Sal finds the area of a square with side (6x-5y). Created by Sal Khan and Monterey Institute for Technology and Education.

## Video transcript

- Find the area of a
square with side (6x-5y). Let me draw our square
and all of the sides of a square are going
to have the same length, and they're telling us that the length for each of the sides which is the same for all of them is (6x-5y). So the height would be 6x-5y, and so would the width, 6x-5y, and if we wanted to find
the area of the square we just have to multiply
the width times the height. So the area for this square
is just going to be the width, which is (6x-5y) times the height, times the height which is also (6x-5y), so we just have to multiply
these two binomials. To do this, you could either do FOIL if you like memorizing things or you could just remember
this is just applying the distributive property twice. So what we could do is
distribute this entire magenta, (6x-5y), distribute it over each of these terms, in the yellow (6x-5y). If we do that, we will get this 6x times this entire (6x-5y), so (6x-5y), and then we have -5y, - 5y times once again, the entire magenta, (6x-5y). And what does this give us? So we have, we have 6x times 6x, so when I distributed just this, I'm now doing the distributive
property for the second time, 6x times 6x is 36x squared, and then when I take 6x times -5y, I get 6 times -5 is -30, and then I have an x times y, -30xy. And then I want to take, I'm trying to introduce many colors here, so I have this -5y times this 6x right over here so -5 times 6 is -30. - 30 and I have a y and
an x or an x and a y, and then finally I have my
last distribution to do, let me do that maybe in white, I have -5y times another -5y, so the negative times a
negative is a positive so it is positive, 5 times 5 is 25, y times y is y squared. And then we are almost done. Right over here, we could say, we can just add these two terms in the middle right over here, - 30xy-30xy is going to be -60xy. So you get 36x squared -60xy +25y squared. Now, there is a faster way
to do this if you recognize. If you recognize that if
I'm squaring a binomial, which is essentially
what we're doing here, this is the exact same thing as 6x-5y squared.

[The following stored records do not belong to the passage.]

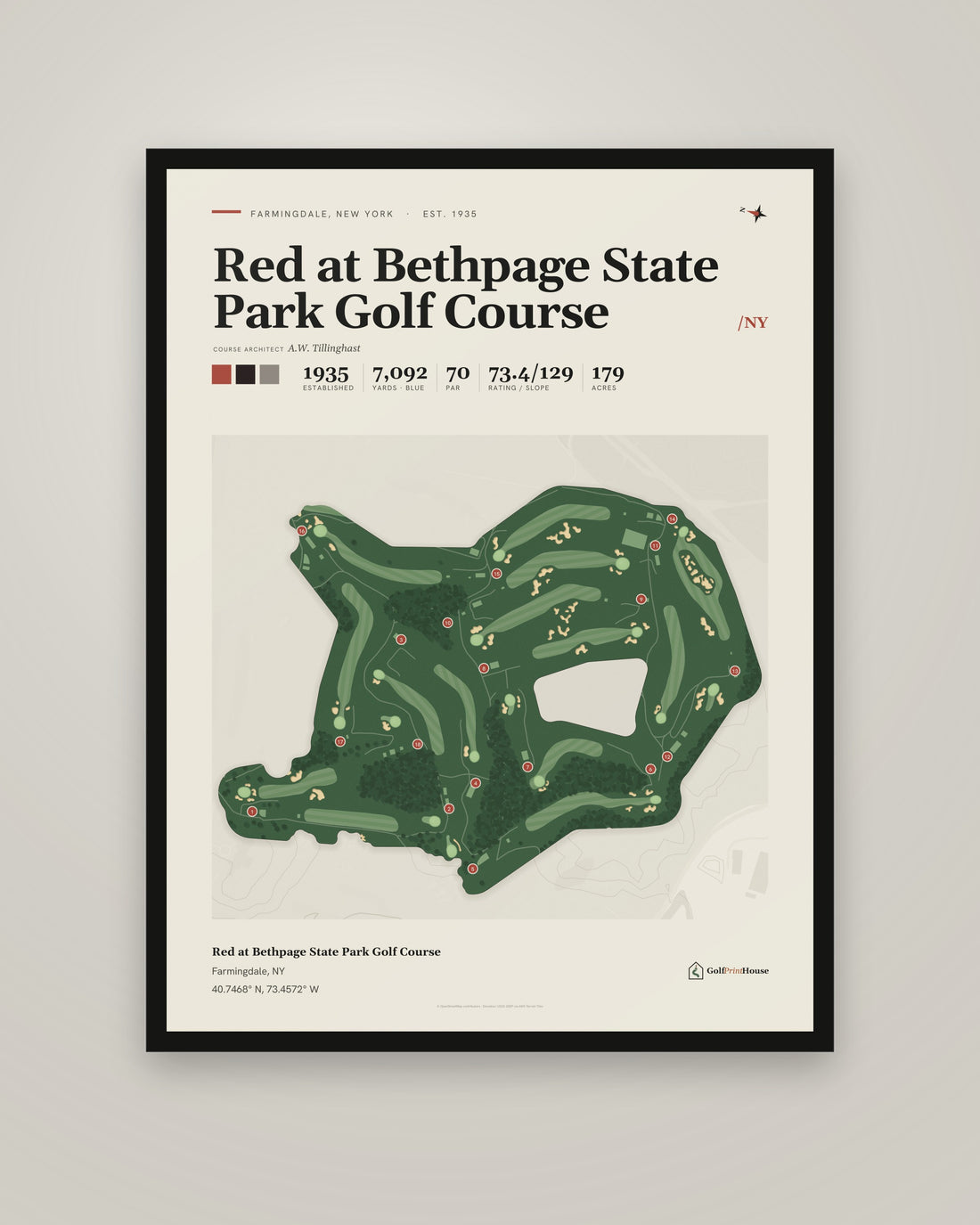 Red at Bethpage State Park Golf Course golf course print, framed, on a plain wall
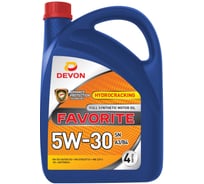 Моторное масло Devon Девон Favorite SAE 5W-30, SN, A3/B4, канистра 4 л 338663840
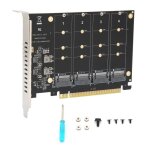 Carte adaptateur - keenso - ph44 - 4 ports m. 2 nvme ssd - pcie x16 - haute vitesse 32 gbps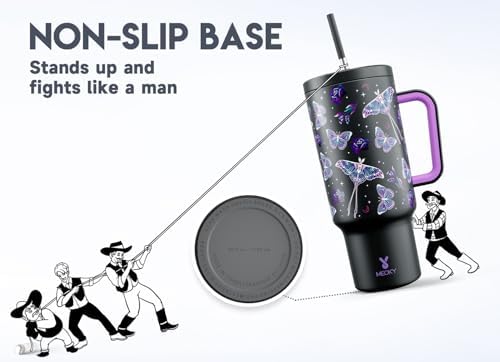 Meoky 40 oz Glow in the Dark Tumbler with Handle and Straw, Tumbler with Lid and Straw, Insulated Stainless Steel Travel Mug, 100% Leak-proof, Keeps Cold for 34 Hours (Butterfly)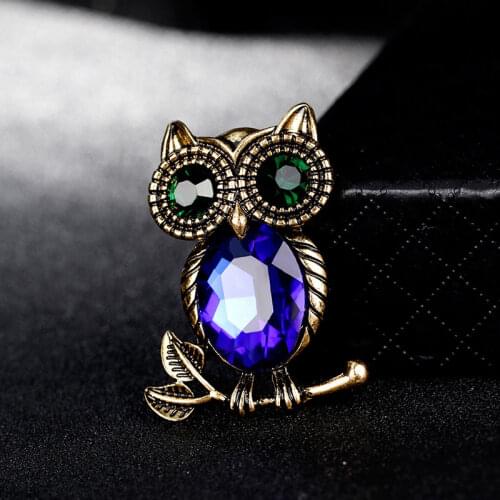 3 Colors Owl Crystal Brooches Women Girls Rhinestones Fashion Jewelry for Women Brooch Pins Animal Jewelry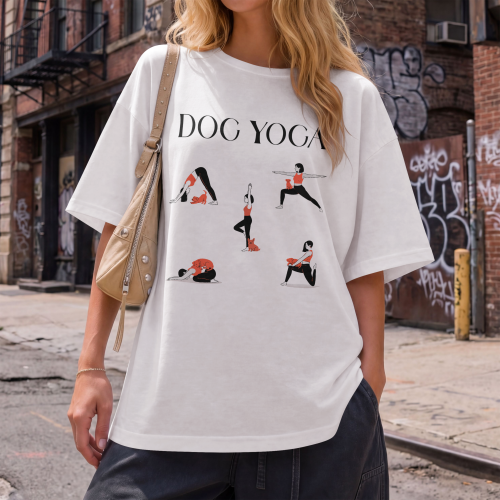 Dog Yoga T-shirt oversize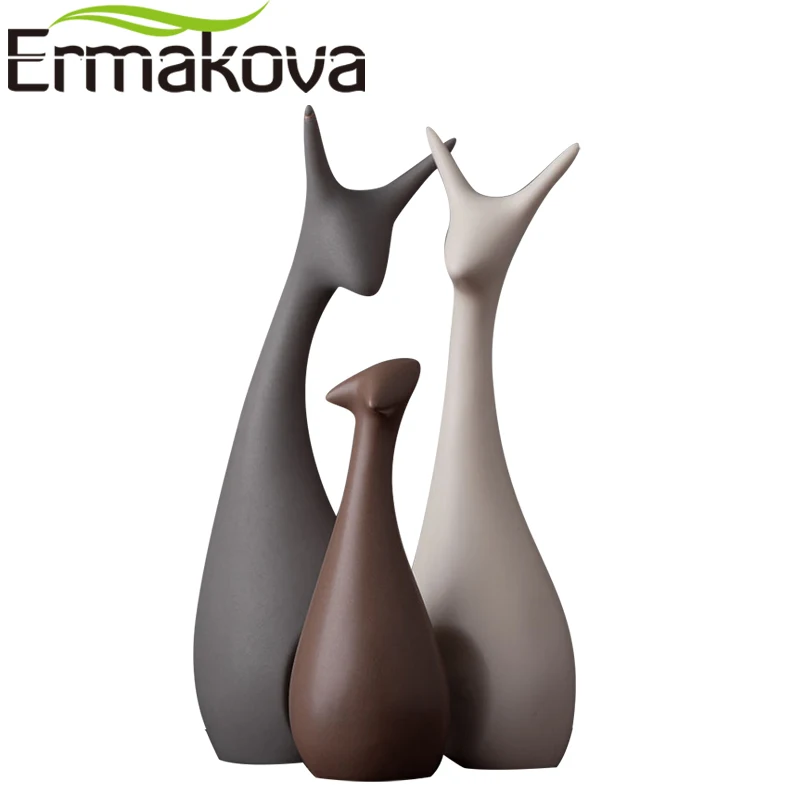ERMAKOVA 3 шт./компл. керамическая фигурка оленя фарфоровый олень семья животных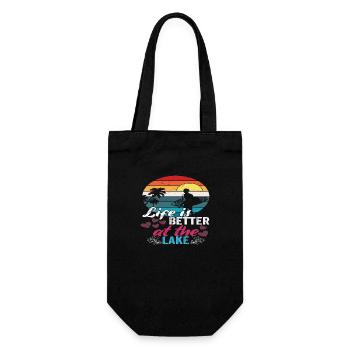 Life is better at the Lake - Gift Bag for Bottles - black - Front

So you might recognize a pattern. If I have (a+b) squared,
this is the same thing as (a+b) times (a+b) and if you were to multiply it out this exact same way we just did it here, the pattern here is it's a
times a which is a squared, plus a times b, +ab, plus b times a, which is also +ab, we
just switched the order, plus b squared, +b
squared so this is equal to a squared +2ab +b squared. This is kind of the fast way to look, if you're squaring any binomial,
it will be a+b squared, it will be a squared +2ab + b squared. And if you knew this ahead of time, then you could have just applied that to this squaring of the
binomial right up here so let's do it that way as well. So if we 6x, (6x-5y) squared, we could just say well, this
is going to be a squared. It's going to be a squared in which in this case is 6x squared +2ab, so that's +2 times a which is (6x) times b which is (-5y), - 5y +b squared, which is +(-5y), everything is squared. And then this will simplify too, 6x squared is 36x squared plus, actually it's going to be a negative here because it's going to be 2 times 6 is 12 times -5 is -60, we have x and a y, x and a y, and the -5y squared is +25y squared. So hopefully you saw
multiple ways to do this, if you saw this pattern immediately, and if you knew this pattern immediately, you could just cut to the
chase and go straight here, you wouldn't have to do
distributive property twice, although, this will never be wrong.